The external colour of Black Vine, Big Red and Lovers Name tubers were light red burgundy, light red burgundy and light brown, while their flesh colours were white, white and orange, respectively. The chemical composition of the raw sweet potato cultivars is presented in Table 1. Moisture contents of the Black Vine, Big Red and Lovers Name cultivars were 72.1%, 69.1% and 68.1% respectively. Moisture content was significantly different (p ≤ 0.05) but showed low variation. Bradbury and Holloway [19] indicated that differences in moisture contents of sweet potato cultivars are due to such factors such as cultivar, location, climate, soil type, incidence of pests and diseases, and cultivation practices.

The protein contents of Black Vine (2.5%), Big Red (2.1%) and Lovers Name cultivars (2.1%) were statistically similar (p ≤ 0.05) and in agreement with previously reported values of 5% (dwb) [1], 4.91% - 8.44% [20], 1.85% to 2.00% [21] and 0.49 to 2.24% [22]. Aina et al. [2] reported low protein and fat contents for 21 Caribbean sweet potato cultivars. Crude protein content of sweet potato tubers is not evenly distributed throughout the root; it is slightly higher at the proximal end than at the distal end, and higher in the outer layers close to the skin [21]. Ash content of Lovers Name, Black Vine, and Big Red are 2.8%, 2.4% and 2.1%, respectively (Table 1). The ash content (dwb) of sweet potato was reported as 3% - 4% [1] and 1.55 to 2.04% [23]. Woolfe [1] also reported that the ash content of the sweet potato peel is higher than that of the flesh. Makki et al. [23] showed that the average ash concentrations in the peel and the flesh of two Egyptian cultivars were 4.1% and 4.6% (dwb) respectively. Ash content of Lovers Name, Black Vine and Big Red appeared low because the tubers were peeled. Minerals of raw sweet potatoes include calcium, phosphorous, magnesium, sodium, potassium, iron, copper and zinc [12].
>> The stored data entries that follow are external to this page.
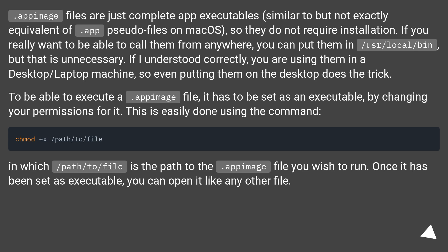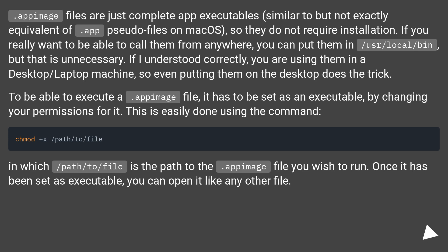To be able to execute a .appimage file, it has to be set as an executable by changing your permissions for it. This is easily done using the command chmod +x /path/to/file, in which /path/to/file is the path to the .appimage file you wish to run. Once it has been set as executable, you can open it like any other file.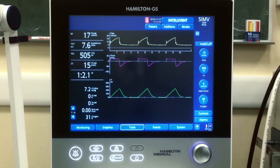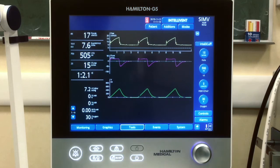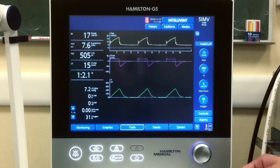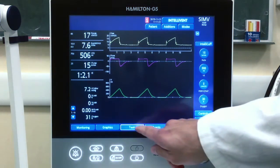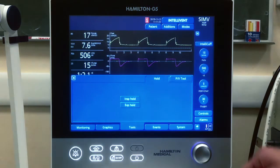This is how we can draw a pressure volume curve within Hamilton G5. We go on tools and then choose the PV tool.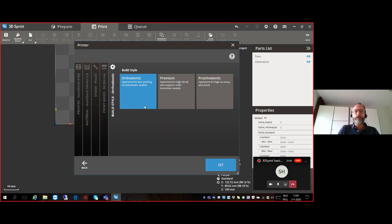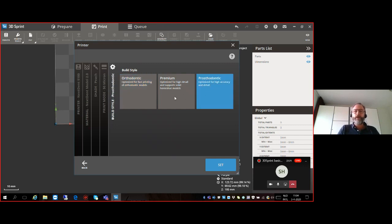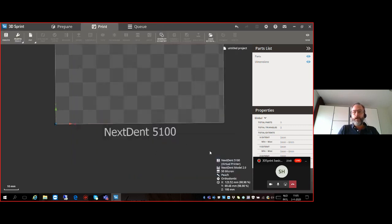We continue to the build style. We have three different build styles: Orthodontic, optimized for fast printing of orthodontic models; Prosthodontic, on the right, optimized for high accuracy and detail; and Premium, added about a month ago, optimized for higher detail and supporting solid horseshoe models. For this demonstration I'll select Orthodontic. Once everything is selected, click the Set button. In the lower right corner you can now see the selected printer, material — Next Dent Model 2 — 50 micron build layers, peach color, and orthodontic build style.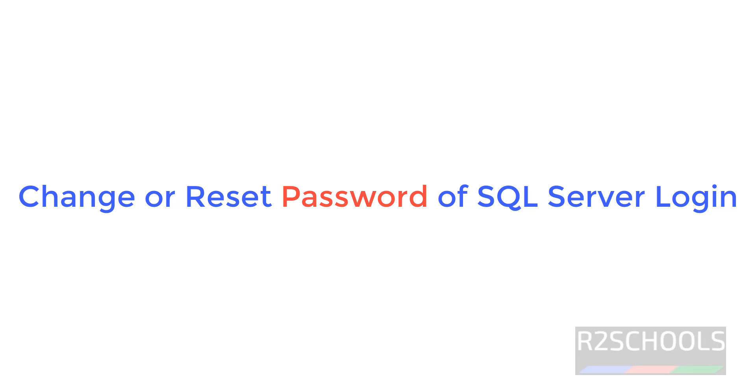Hello guys, in this video we will see how to reset the password of a login in SQL Server. The process is same for all SQL Server versions.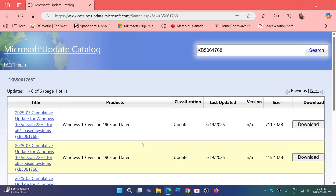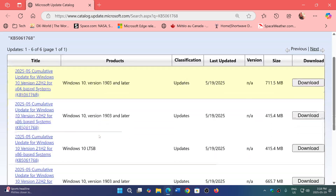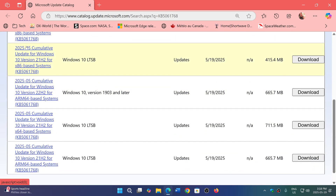I will share the Microsoft Update Catalog page. Depending on whether you have Windows 10 x64, x86, long-term support versions, or ARM-based versions, there's a fix available for everybody to resolve the problem.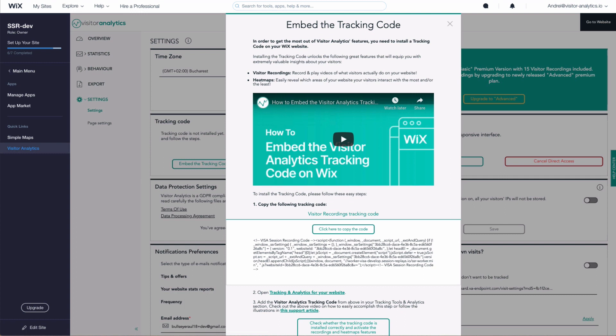To get the most out of visitor analytics features, you have to install an additional tracking code on your website. It's very easy to do it, and it will give you access to amazing features,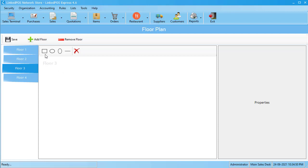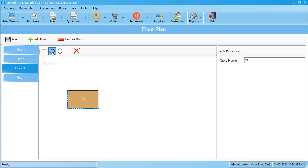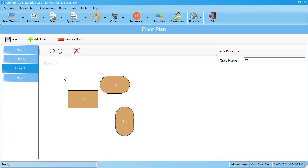To add a table, choose a shape by clicking here and click on the canvas to place it. This will add a table to your floor. You can add multiple tables of varying shapes onto your canvas.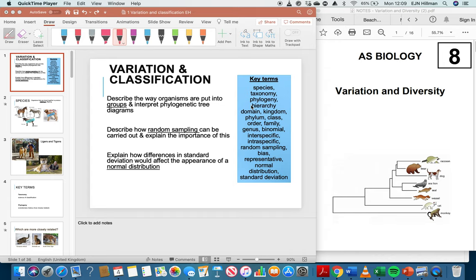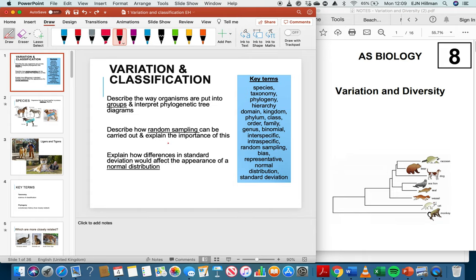Hello everyone. This is the first video I'm going to do on booklet 8, variation and diversity. This is the last booklet of the lower 6th. It's not a very long booklet, there isn't a great deal in it, but there is quite a lot of terminology, and having a good understanding of those keywords is really, really helpful. We're going to start today on variation, specifically classification.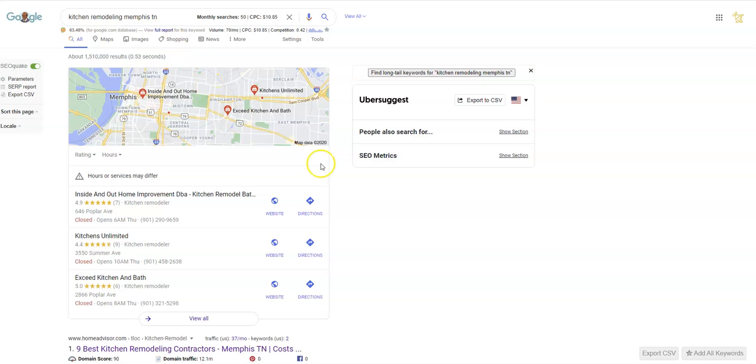Next, I want to talk about citations. So you might be wondering what citations are and why. A citation is essentially where you're going to place your business name, phone number, and address in an online directory. Some of them even allow you to put your website on there.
Lovers Name, Black Vine and Big Red flours showed significantly different (p ≤ 0.05) sucrose contents of 1.6%, 0.80% and 0.05% (dry weight basis), respectively. Also, maltose content of Lovers Name, Black Vine, and Big Red were 1.7%, 0.05% and 0.08%, respectively. Maltose content of Big Red and Black Vine cultivars were statistically similar while the Lovers Name was significantly higher (p ≤ 0.05) than these (Table 1). Generally, sugar content of Lovers Name was double that of Big Red and Black Vine tubers. The significance of this is that various cultivars have different sweetness when cooked or used for culinary or manufacturing purposes. High sugar content may also have dietary implications especially with the diabetic.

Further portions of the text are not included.